“Minha história” é a música abaixo ao lado, e foi composta pelo compositor popular maranhense João do Vale. Esta música narra a história de exclusão que milhões de nordestinos que viviam e vivem, sem acesso a educação, a saúde e as condições básicas para a sobrevivência.
É a história de João do Vale, que não pôde estudar, porque tinha que trabalhar para ajudar a mãe a sobreviver. Viu muitos colegas se tornarem doutores, mas viu também muitos numa condição ainda pior que a dele, a da indigência total. Ele ainda tinha talento para compor, e mesmo sendo expulso da sua terra natal, pela seca e pela fome, foi viver na cidade grande do Rio de Janeiro, fazendo massa e carregando tijolos, como ajudante de pedreiro para sobreviver. Entre uma massa e outra, João fazia suas composições e as apresentava a seus colegas de rádio, como Luiz Vieira, que se tornou seu parceiro em várias composições e o ajudou no desenvolvimento da sua trajetória musical.
Conta Luiz Vieira, que um dia estava na rádio e João chegou todo sujo de massa, de chinelo e roupa também suja e disse: Luiz, tenho uma música para você. Quer terminá-la? A música era “Asa do vento”, que se tornou grande sucesso na voz de Luiz Vieira, de Dolores Duran e de Caetano Veloso, e tem um refrão bem conhecido: “Rosa amarela quando murcha perde o cheiro, o amor é bandoleiro, pode inté custar dinheiro, é fulô que não tem cheiro e todo mundo quer cheirar. Todo mundo quer cheirar, olará, viu? Todo mundo quer cheirar. Todo mundo quer cheirar, olará, tá? Todo mundo quer cheirar”.
João do Vale, Zé Keti, Nara Leão e, posteriormente, substituindo Nara, Maria Betânia, protagonizaram em 1964, um dos maiores e mais importantes shows de resistência à ditadura militar, chamado “Opinião”. Em 11 de dezembro de 1964 estreava o espetáculo “Show Opinião”, escrito de forma coletiva por vários autores e assinado por Armando Costa, Paulo Pontes e Vianinha, e dirigido por Augusto Boal. O “Show Opinião” marcaria a história cultural brasileira e dos artistas que procuravam alguma forma de se opor ao golpe militar. No espetáculo há três protagonistas, cuja biografia serve de base para o enredo da peça/musical. A música é o que une os protagonistas, e é tomada como uma forma de luta e resistência.
São três personagens com histórias distintas, com o fio condutor da música como luta social. João do Vale representa o migrante nordestino, que chega ao Rio como a capital da indústria cultural, para tentar fazer sua música.
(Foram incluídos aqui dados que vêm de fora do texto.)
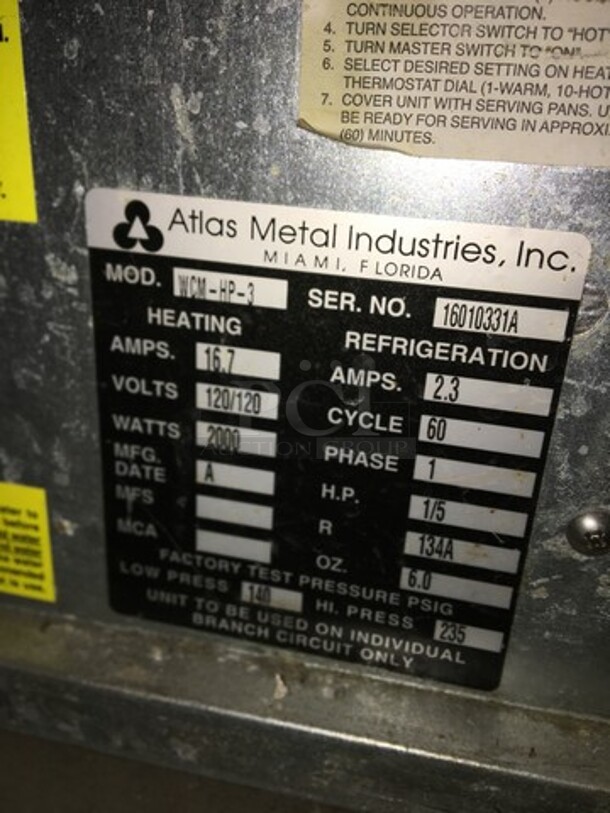 Atlas Metals Refrigerated Drop In Cold Pan/Salad Bar Unit! Model WCMHP3 Serial 16010331A! 120V 1Phase! - Image 9 of 11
Zé Keti é o trabalhador carioca, dos morros do Rio; Nara Leão é a garota de classe média que decide aderir à música e à luta popular, como de fato fez, tendo sido muito criticada pelo seu abandono do posto de expoente da bossa-nova, que ela rejeitou como um período de alienação. Posteriormente, Maria Bethânia substituiu Nara Leão no “Opinião” por motivos de saúde.
O “Show Opinião” é fruto direto das experiências do teatro de rua do CPC. É uma experiência de AgitProp (Agitação e Propaganda, uma forma teatral que surgiu na Rússia pós-revolucionária e está vinculada a um teatro vinculado aos movimentos de luta dos trabalhadores e explorados). Sua forma não é a de um teatro, mas a de uma narrativa feita pelos atores-cantores, que utilizam sua música para contar uma história da música no país e a sua relação com a indústria cultural.
Cada um deles narra suas dificuldades para poder exercer a sua arte: o preconceito de classe, o machismo, o estereótipo do músico, a imposição do mercado cultural americano. Longe de reivindicar uma música “100% nacional”, caindo num chauvinismo que assolou uma parte dos artistas brasileiros, o Opinião reconhece uma grande qualidade na música americana e de outros países, mas afirma que o que há de bom nessa não chega ao Brasil (assim como o que há de bom aqui não consegue furar o cerco da indústria).
João do Vale foi um artista popular talentoso, engajado e muito sensível às causas sociais. Compôs diversas e lindas músicas, como “Carcará”, que se eternizou na voz forte de Maria Betânia, “Coroné Antonio Bento”, marcante na voz de Tim Maia e “A voz do povo”, na sensível interpretação de Paulinho da Viola.
Salve João do Vale, grande compositor e artista popular brasileiro!